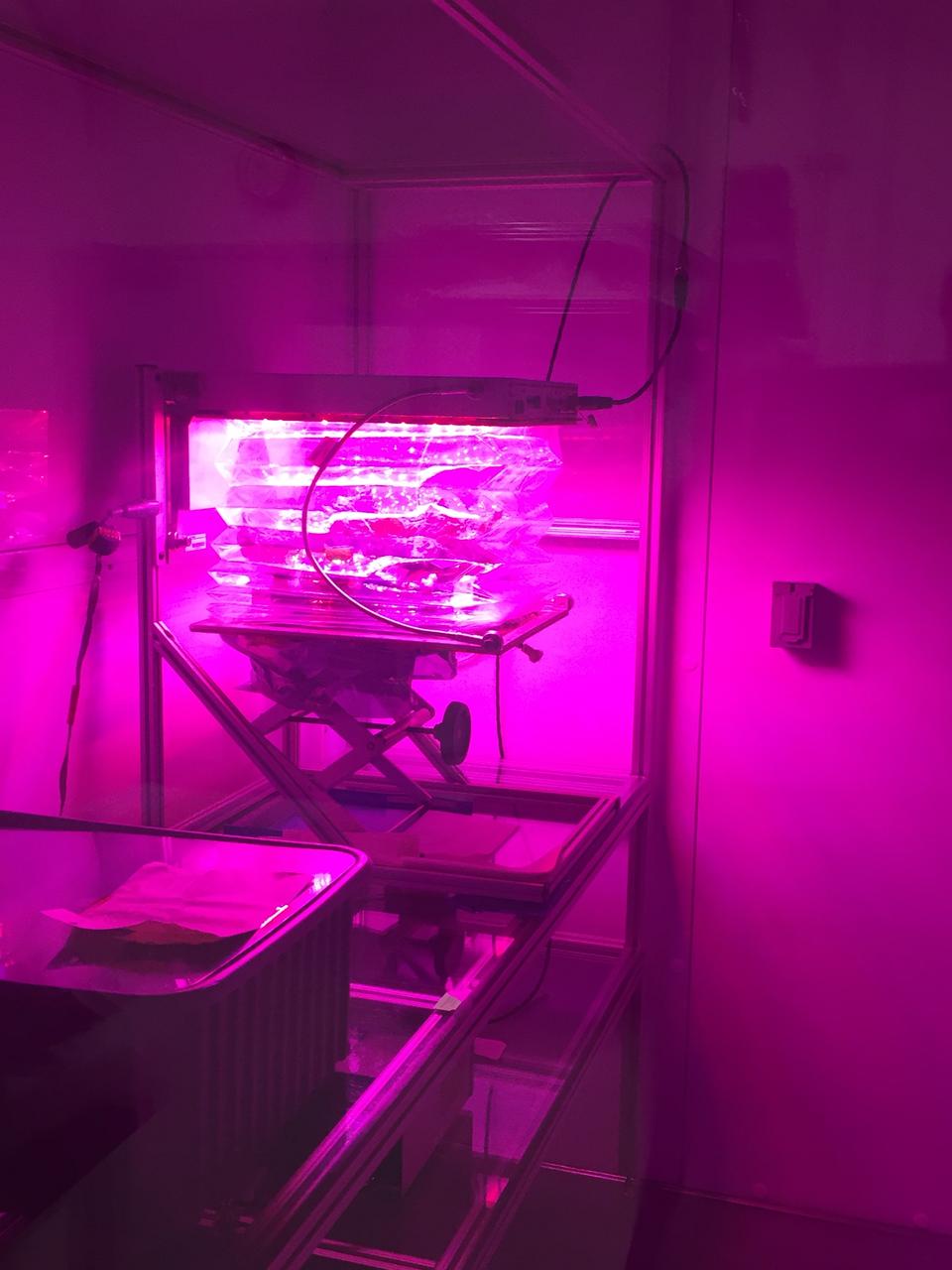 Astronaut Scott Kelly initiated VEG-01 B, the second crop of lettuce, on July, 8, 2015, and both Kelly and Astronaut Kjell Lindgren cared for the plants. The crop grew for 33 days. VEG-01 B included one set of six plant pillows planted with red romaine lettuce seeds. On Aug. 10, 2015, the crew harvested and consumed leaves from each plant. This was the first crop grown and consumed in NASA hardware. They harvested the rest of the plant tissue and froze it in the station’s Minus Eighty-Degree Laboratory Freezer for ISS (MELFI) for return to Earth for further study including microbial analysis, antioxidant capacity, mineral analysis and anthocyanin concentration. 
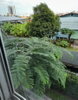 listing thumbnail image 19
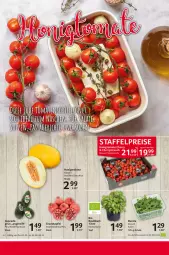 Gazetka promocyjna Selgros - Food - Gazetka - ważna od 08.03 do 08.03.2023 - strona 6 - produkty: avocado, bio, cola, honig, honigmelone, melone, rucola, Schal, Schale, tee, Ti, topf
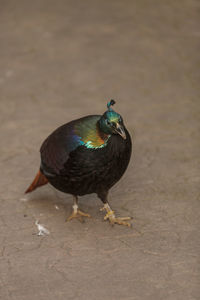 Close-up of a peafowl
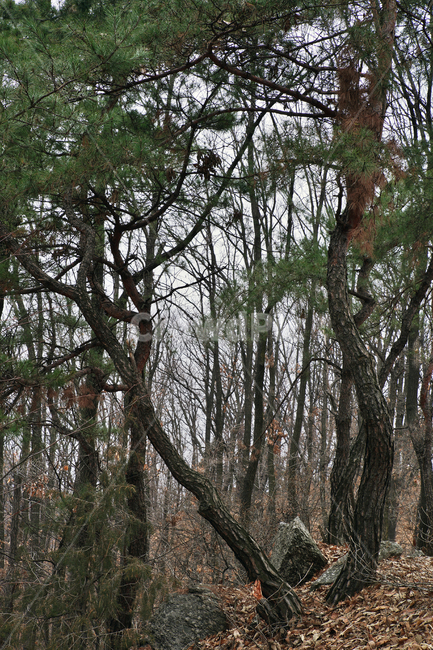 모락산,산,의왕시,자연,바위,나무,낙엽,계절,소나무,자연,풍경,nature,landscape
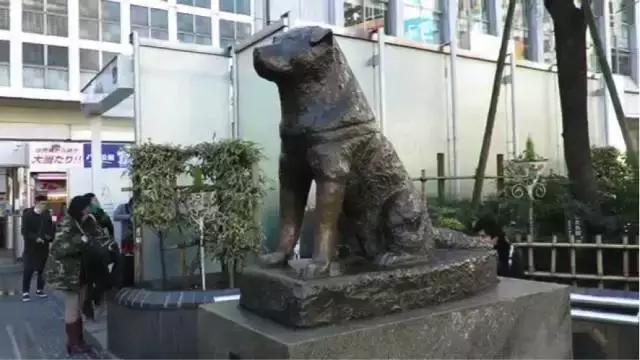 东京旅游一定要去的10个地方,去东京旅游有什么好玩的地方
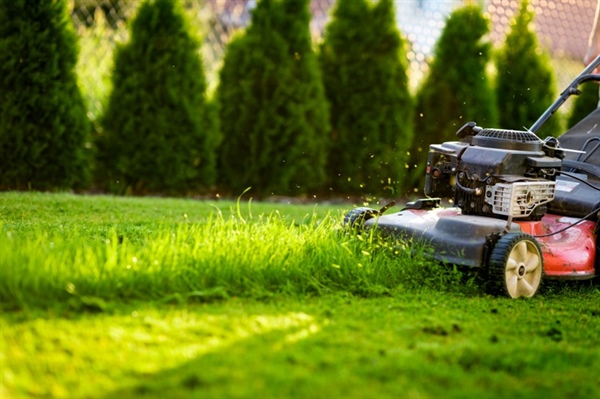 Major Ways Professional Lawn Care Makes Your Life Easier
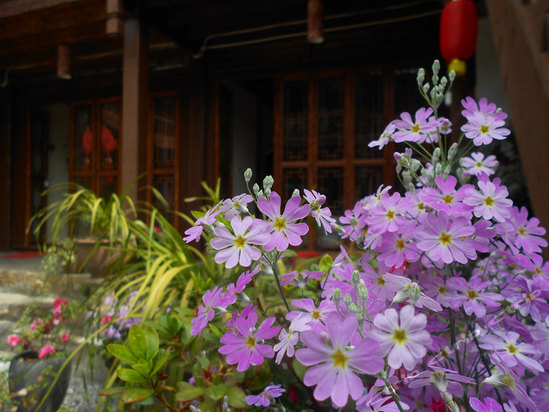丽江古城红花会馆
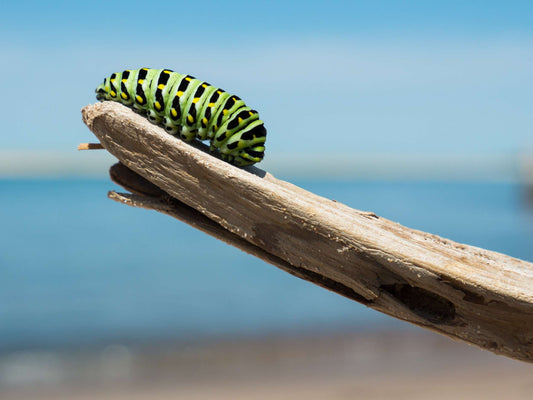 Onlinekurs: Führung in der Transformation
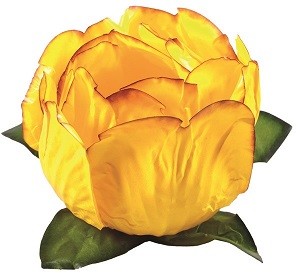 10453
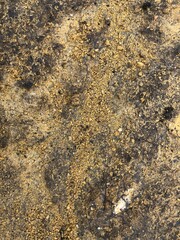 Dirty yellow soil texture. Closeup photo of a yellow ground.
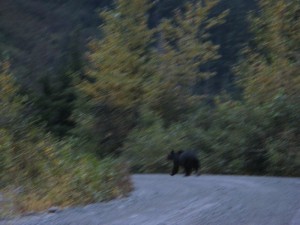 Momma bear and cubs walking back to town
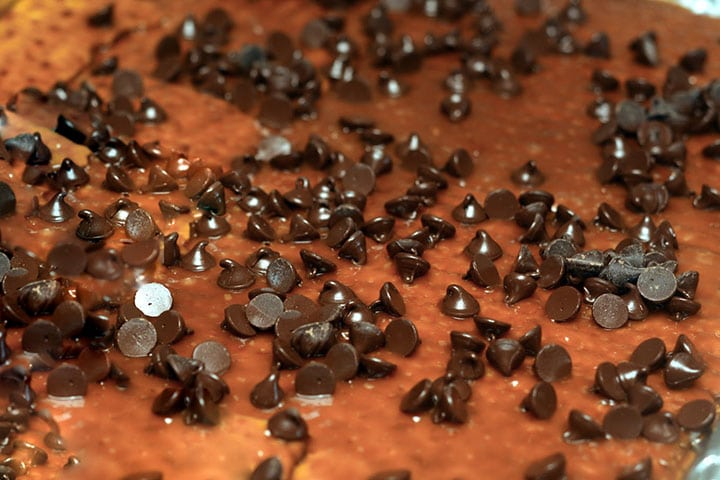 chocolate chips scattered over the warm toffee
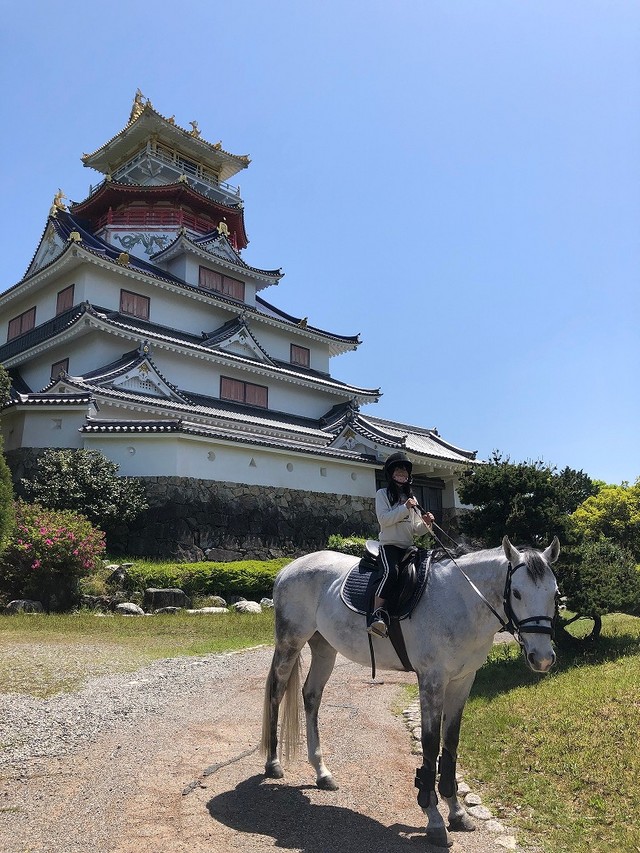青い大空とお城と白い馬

-----

• [AIM OF THE EXERCISE] Starting at the first line of the material, output exactly the lines up to and including the one with "listing thumbnail image 19". Do not include the pictures.

• [SOLUTION FOR THIS TASK]
 Astronaut Scott Kelly initiated VEG-01 B, the second crop of lettuce, on July, 8, 2015, and both Kelly and Astronaut Kjell Lindgren cared for the plants. The crop grew for 33 days. VEG-01 B included one set of six plant pillows planted with red romaine lettuce seeds. On Aug. 10, 2015, the crew harvested and consumed leaves from each plant. This was the first crop grown and consumed in NASA hardware. They harvested the rest of the plant tissue and froze it in the station’s Minus Eighty-Degree Laboratory Freezer for ISS (MELFI) for return to Earth for further study including microbial analysis, antioxidant capacity, mineral analysis and anthocyanin concentration. 
 listing thumbnail image 19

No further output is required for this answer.